Closing our 23GW of coal fired electricity will be a glorious collectivist fashion statement. But China is currently building seven times the entire Australian coal fleet and plans another twelve “Australian coal fleets”. China already has nearly fifty times as much coal power as Australia has. And all that is “part of the Paris agreement”. Geddit? Of course you don’t. None of it makes sense to anyone who can add up numbers bigger than two.

The Coal Council of Australia branded the Greens platform as “economic vandalism” that would threaten up to 150,000 direct and indirect jobs, and hit the governments of NSW and Queensland with the loss of $2.5bn in annual royalties.

– Ben Packham, The Australian

Shame about the 150,000 jobs lost. Still they can all move into tourism to cater for the people who are willing to sail 10,000 kilometers to an island filled with diesel generators and old rental cars.

Backpackers are bound to love the bicycle tours of solar farms and forests filled with windmills.

The party is proposing to phase out thermal coal exports by setting a yearly limit on coal exports from 2020, a set of procedures that would require resources companies to secure permits at auction in order to export product.

– Katharine Murphy, The Guardian

There are about 20 million cars currently registered in Australia. The total car pool of all electric vehicles sold here since Australia was federated is about 5,000 cars, making EV’s 0.025 per cent of all cars on the road. You can see how much we love them. Sometime in the next 11 years apparently Australian’s are going to give up the SUV’s, and long country drives:

The policy also advocates for vehicle emissions standards “that lead up to a complete ban on new internal combustion vehicles by 2030”, and a 17% tax on “luxury fossil fuel cars” to help cover the costs of scrapping registration fees, import tariffs, GST and stamp duty on electric vehicles, “reducing the cost of electric vehicles by around 20%”.
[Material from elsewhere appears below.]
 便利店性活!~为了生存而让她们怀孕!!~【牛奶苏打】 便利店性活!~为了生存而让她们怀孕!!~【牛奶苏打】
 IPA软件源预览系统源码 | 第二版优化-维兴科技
– Katharine Murphy, The Guardian

By 2030 with no coal or nukes running, the price of electricity will be $2 a KW/h (if it’s not $20) and EV’s will cost three times as much as petrol cars to drive and take 72 times as long to fill (assuming we still have electricity).

Does “internal combustion vehicle” mean more than just cars? I’m especially looking forward to battery powered combine harvesters and solar powered semi’s.
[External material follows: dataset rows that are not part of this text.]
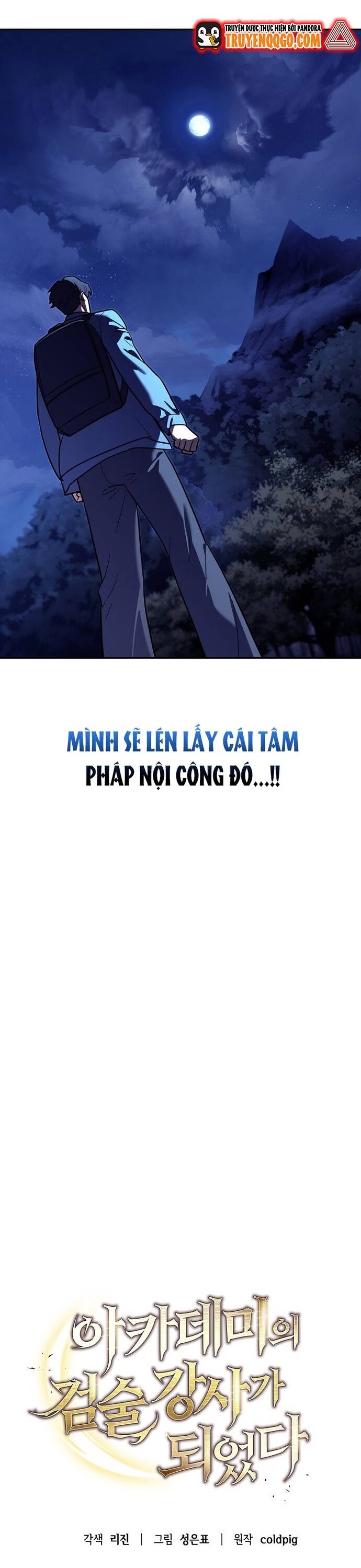 Kiếm Thánh Thiên Tài Của Học Viện Chapter 3 - 32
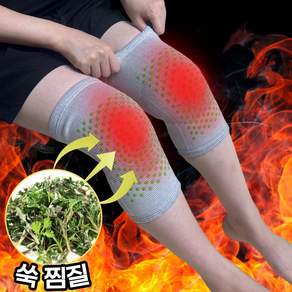 쿠빗 따뜻한 무릎보호대 온열 쑥찜질 기능성 시린관절 1세트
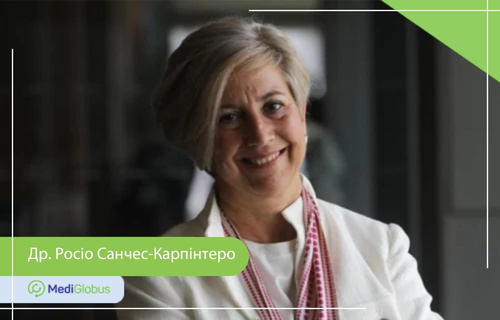 Др. Росіо Санчес-Карпінтеро — невролог із клініки Наварри, Іспанія Доктор Росіо Санчес-Карпінтеро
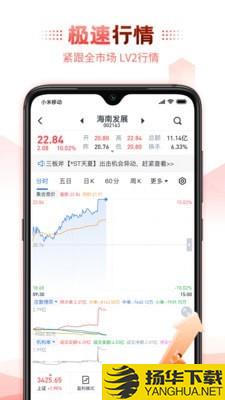 经传股票下载最新版（暂无下载）_经传股票app免费下载安装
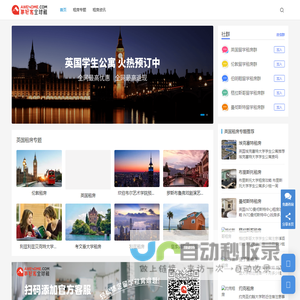 英国租房-英国学生公寓-英国留学生租房住宿-集好家英国租房网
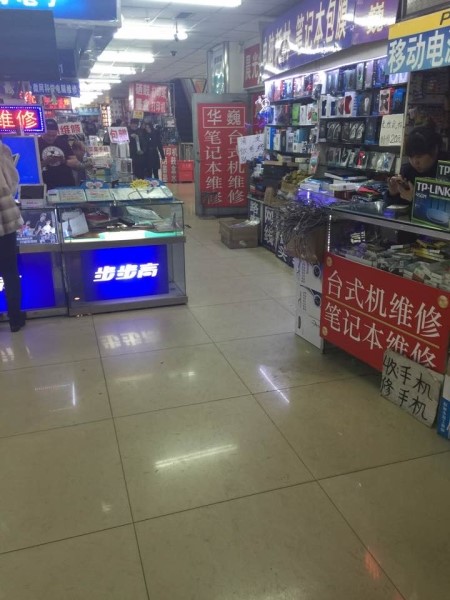동서울전자 이미지
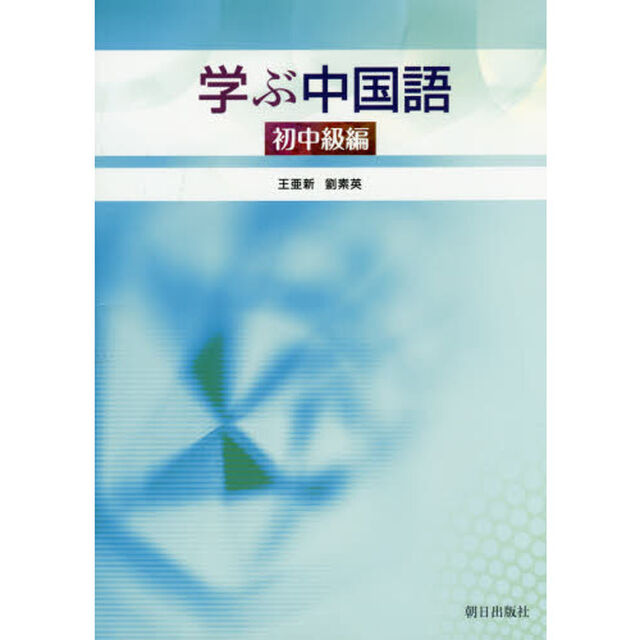学ぶ中国語　初中級編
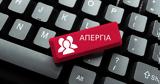 24ωρη, ΠΟΕΣΥ,24ori, poesy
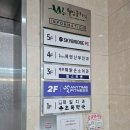 해맑은소아과의원 이미지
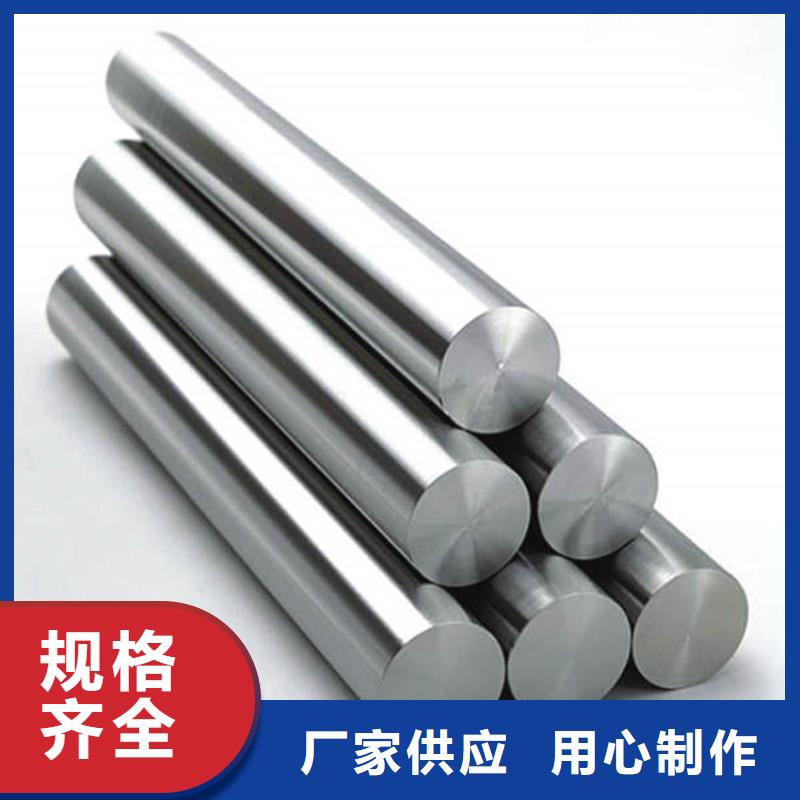 S790钢铁厂家-诚信经营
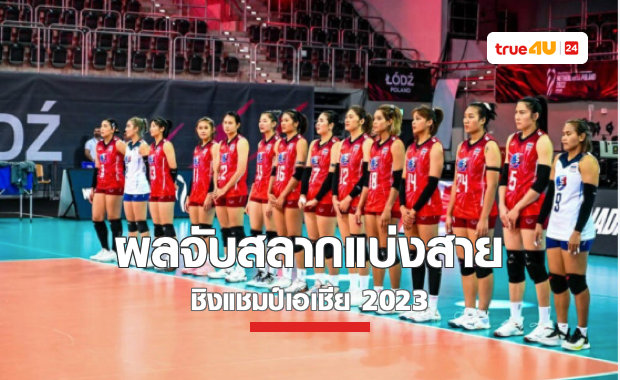 ผลจับสลากแบ่งกลุ่มวอลเลย์บอลหญิง-ชาย ชิงแชมป์เอเชีย 2023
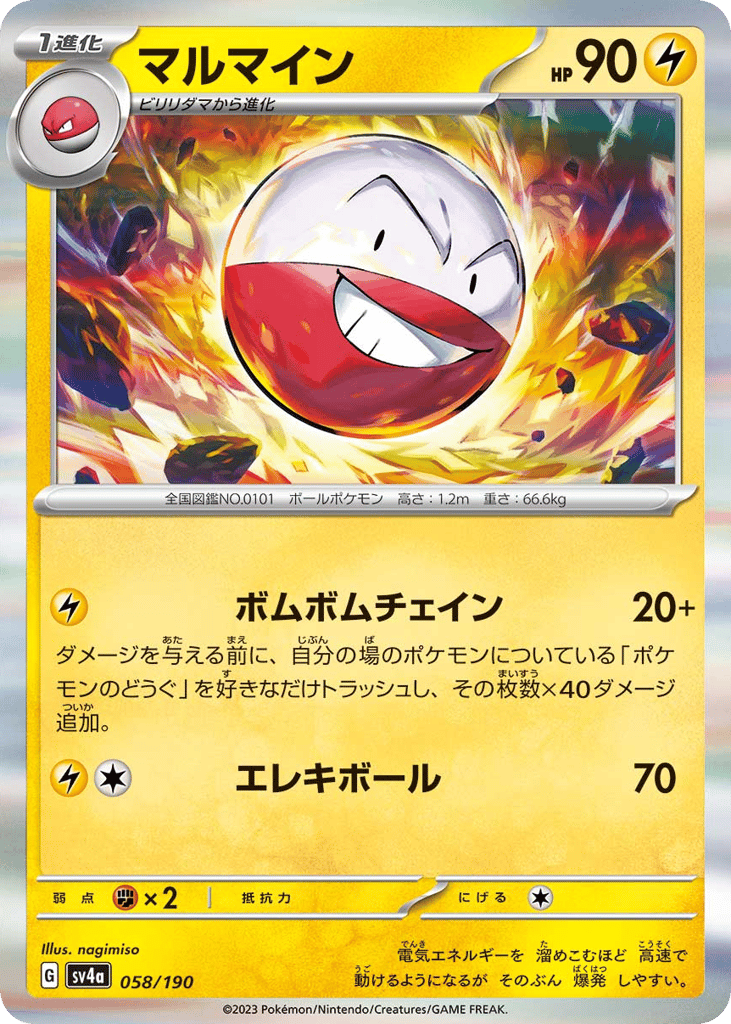 Electrode – Shiny Treasure ex 058/190 Pokémon card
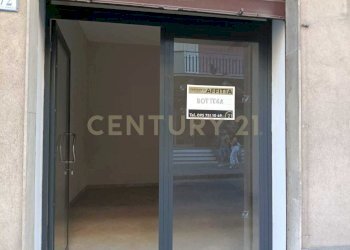 Immagine WhatsApp 2025-07-04 ore 11.09.40_8de27af6 - Locale Commerciale Via Vittorio Emanuele 72, Aci Catena - foto 5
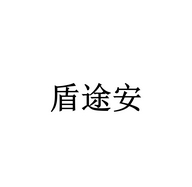 盾途安电子工厂店
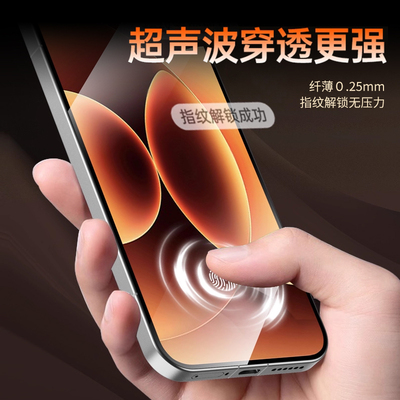 适用华为mate80高清全屏钢化膜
Just to make the impossible a little bit harder they won’t allow Kyoto credits:

The Greens have disavowed using Kyoto credits, which is an accounting system that allows countries to count credits from exceeding their targets under the soon-to-be-obsolete Kyoto protocol periods against their Paris emissions reduction commitments for 2030.

All the other parties in Australia must be loving this announcement. What a gift.

Even for the Labor Party, the Greens are there to make their suicidal 45%  reduction look less stupid.

The question is though, how could any party preference them anywhere except last?